Given material START
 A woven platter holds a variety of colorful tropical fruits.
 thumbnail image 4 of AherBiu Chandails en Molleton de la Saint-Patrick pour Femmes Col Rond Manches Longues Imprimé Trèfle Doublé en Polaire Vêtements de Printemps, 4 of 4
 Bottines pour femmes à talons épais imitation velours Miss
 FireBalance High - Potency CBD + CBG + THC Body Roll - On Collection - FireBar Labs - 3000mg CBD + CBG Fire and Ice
Given material END
For each line shown above, write an exact copy.

- Response to this task:
 A woven platter holds a variety of colorful tropical fruits.
 thumbnail image 4 of AherBiu Chandails en Molleton de la Saint-Patrick pour Femmes Col Rond Manches Longues Imprimé Trèfle Doublé en Polaire Vêtements de Printemps, 4 of 4
 Bottines pour femmes à talons épais imitation velours Miss
 FireBalance High - Potency CBD + CBG + THC Body Roll - On Collection - FireBar Labs - 3000mg CBD + CBG Fire and Ice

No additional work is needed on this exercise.